◆ What you need to do: Your answer must consist solely of the lines from the one containing "Детский трехколесный велосипед" through the last line of the records below, reproduced exactly, with all pictures omitted.

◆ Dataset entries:
BEGIN

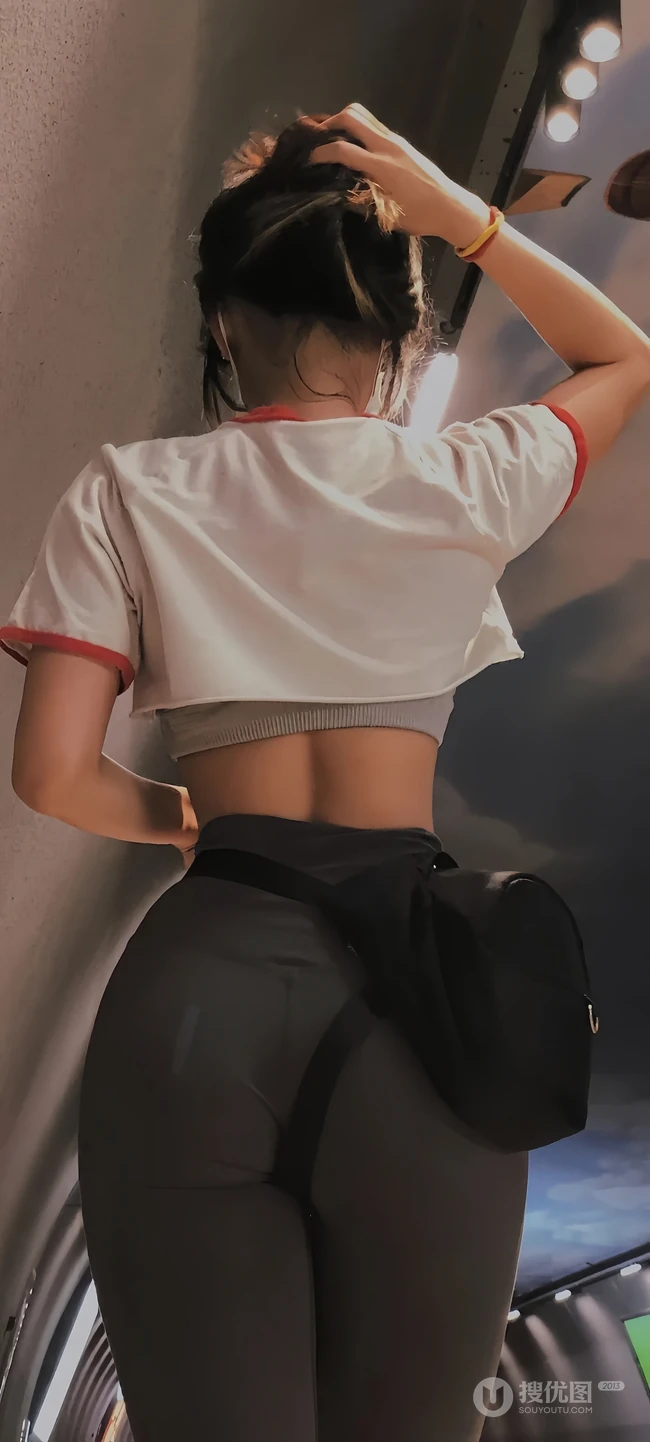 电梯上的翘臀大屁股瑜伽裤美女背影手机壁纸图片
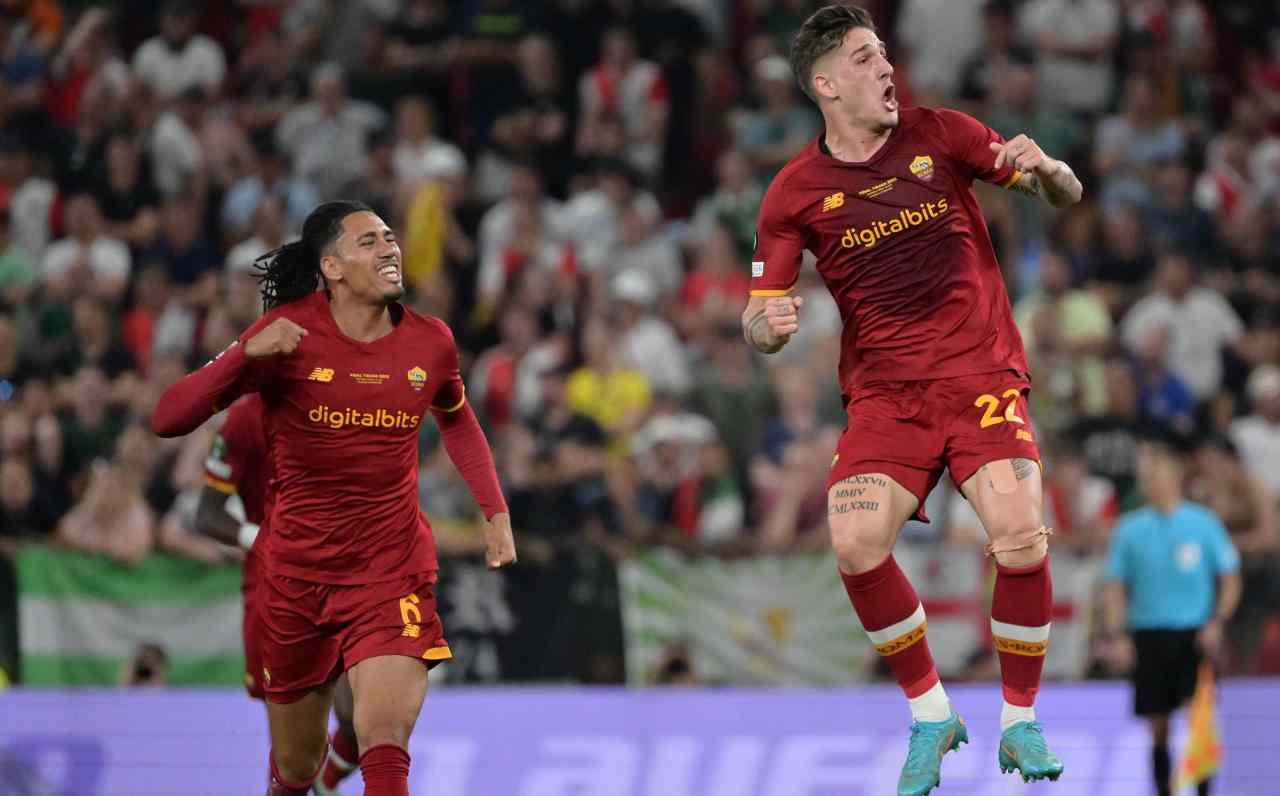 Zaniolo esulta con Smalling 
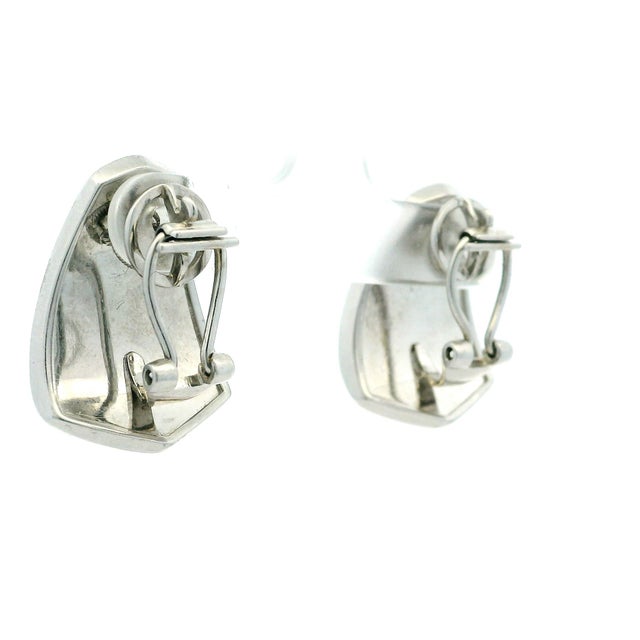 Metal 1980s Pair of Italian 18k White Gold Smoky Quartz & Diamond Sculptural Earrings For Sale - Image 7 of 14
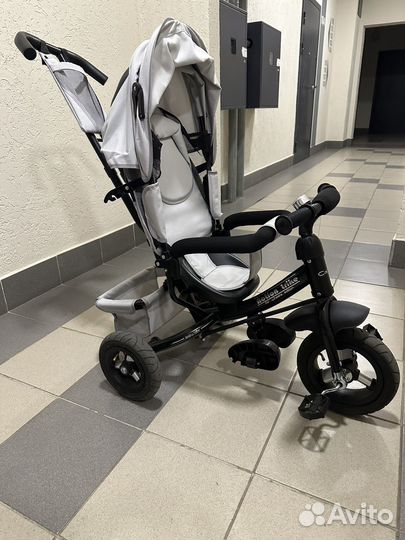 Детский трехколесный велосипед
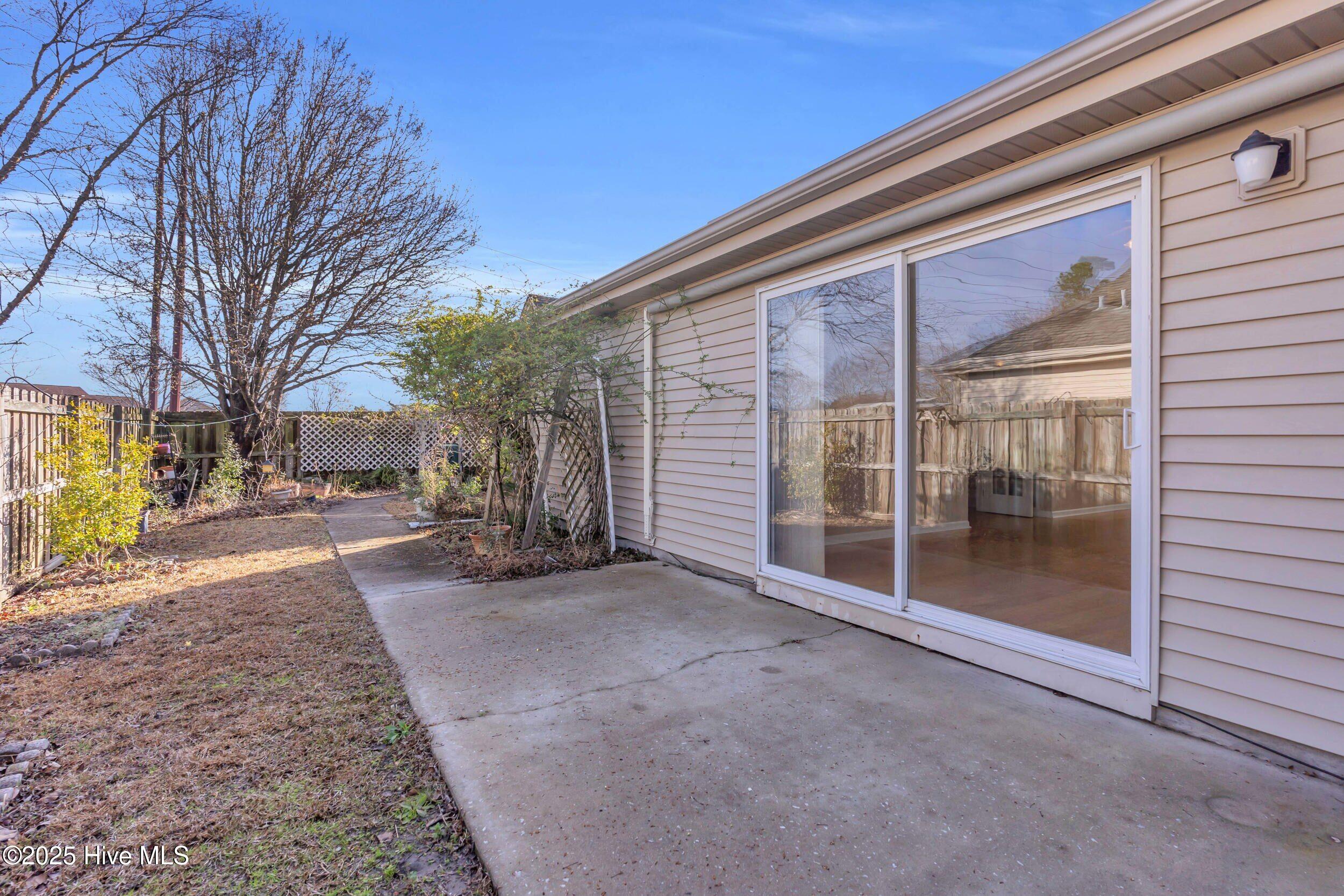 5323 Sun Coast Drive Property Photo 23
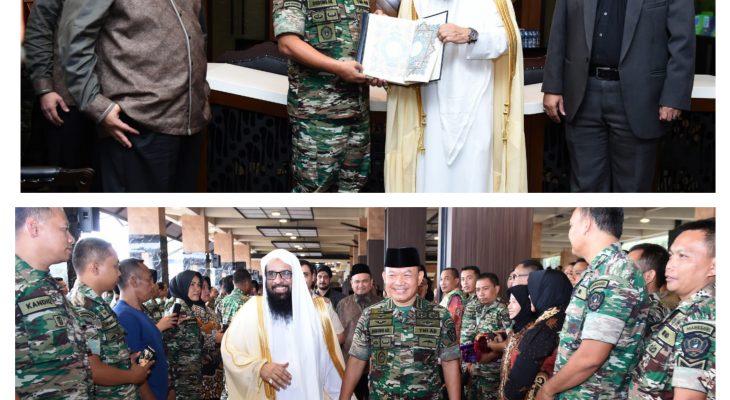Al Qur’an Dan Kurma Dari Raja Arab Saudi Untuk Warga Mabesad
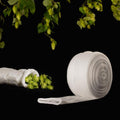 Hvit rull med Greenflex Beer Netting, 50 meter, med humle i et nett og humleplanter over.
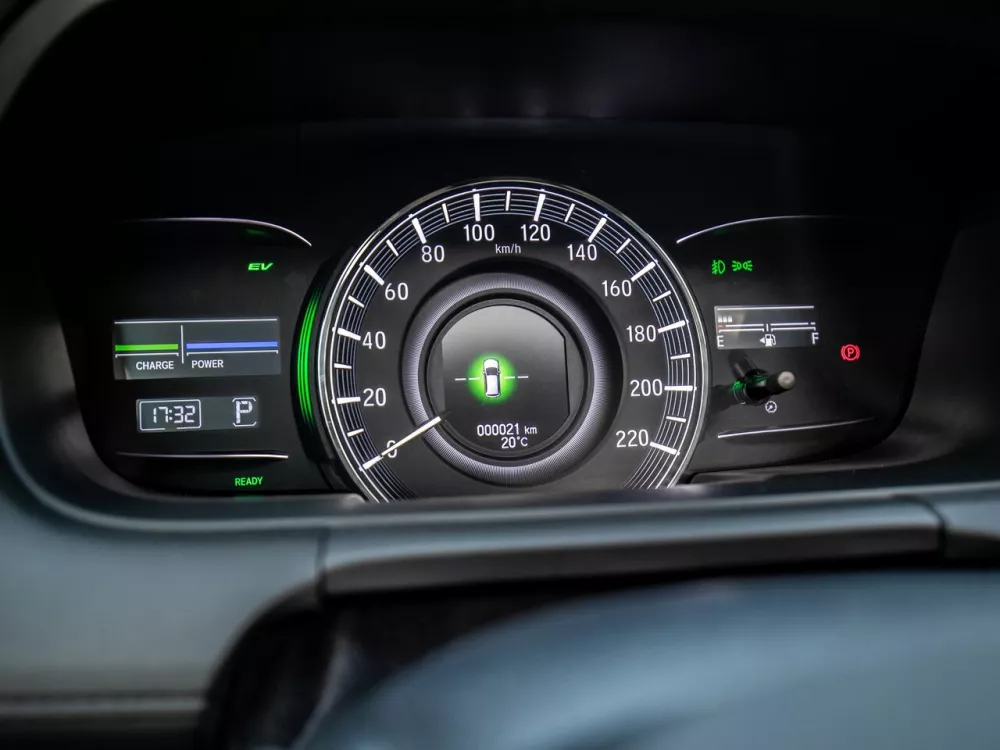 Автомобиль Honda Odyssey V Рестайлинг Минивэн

END

◆ Output:
 Детский трехколесный велосипед
 5323 Sun Coast Drive Property Photo 23
Al Qur’an Dan Kurma Dari Raja Arab Saudi Untuk Warga Mabesad
 Hvit rull med Greenflex Beer Netting, 50 meter, med humle i et nett og humleplanter over.
 Автомобиль Honda Odyssey V Рестайлинг Минивэн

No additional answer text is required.